I tremori propagatisi da Atene in questi giorni, e la capacità del mercato dei titoli del Tesoro di crollare bruscamente in qualunque momento, ricordano però all’Italia anche un’altra realtà. Senza dirselo poi troppo, questo Paese sta riavvicinandosi pian piano a una bolla del credito e la scossa provocata dalla Grecia ieri lo ha in qualche modo rivelato. Non ha alcun senso, sulla base dei fondamentali delle economie, che i titoli decennali americani debbano offrire un premio al rischio dello 0,40% superiore agli omologhi italiani come se fossero davvero più pericolosi. La sensibilità dimostrata alla vicenda greca rivela come un’Italia che non si autoriforma più a fondo, anziché promettere tesoretti tutti da dimostrare, può finire di nuovo fuori equilibrio e poi pagarne un alto prezzo in seguito.
A maggior ragione, un accordo fra Atene e l’area-euro nelle prossime settimane è disperatamente necessario e per questo conteranno le personalità dei protagonisti. Quella di Tsipras resta tanto determinante, quanto illeggibile. Nei suoi primi cento giorni non ha fatto quasi nulla di coerente con il suo programma di sinistra, neanche misure che sarebbero state ben viste in Europa. Non ha agito contro la corruzione, né contro la grande evasione, né contro gli sgravi e le esenzioni riservate agli oligarchi dei cantieri navali. Ha eccitato le platee con richieste irrealistiche e provocatorie di “indennizzi” dalla Germania, senza capire che l’accordo sul quel fronte è immutabile perché legato alla definizione delle frontiere in Europa dopo la Guerra fredda.
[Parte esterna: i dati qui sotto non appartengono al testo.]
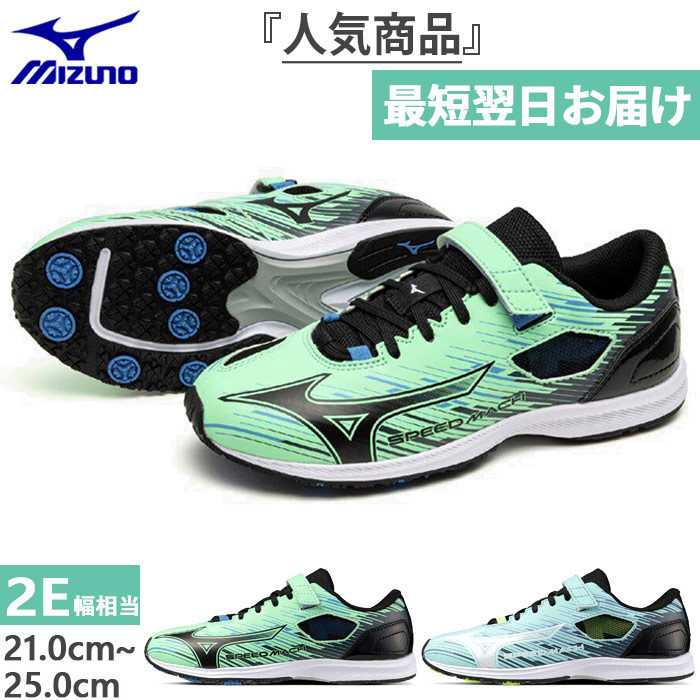 MIZUNO（ミズノ） ジュニア キッズ スピードマッハ3 スニーカー 運動靴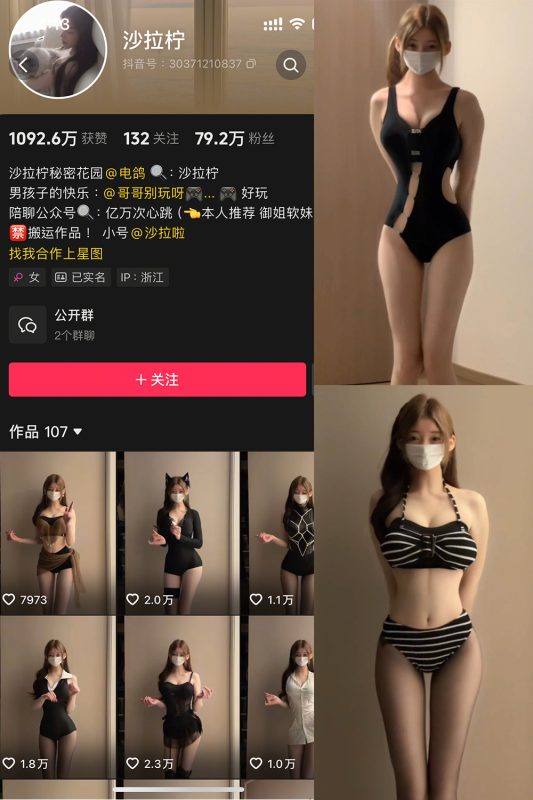 抖音 是沙拉拧 微密圈 NO.002期 【3V】最新至：2025.5.2-岛屿电鸽微密圈-全网最全抖音网红高质量总站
A Tsipras in realtà ora resta un’opinione pubblica che a grande maggioranza lo sostiene (ma un po’ meno di prima) e in una maggioranza altrettanto grande vuole stare nell’euro e in Europa. Per riuscirci il premier greco ha bisogno di un compromesso che cambi in parte gli equilibri politici interni, emarginando le estreme, a destra e a sinistra, e aprendosi ad altri voti in parlamento o nel Paese. Tsipras viene da assemblee infuocate in sale piene di fumo ed è arrivato a incontri riservati con Merkel, Draghi, Putin. Ora deve decidere chi vuole essere e dove vuole che sia il suo Paese. Ormai lo sa solo lui, dipende solo da lui.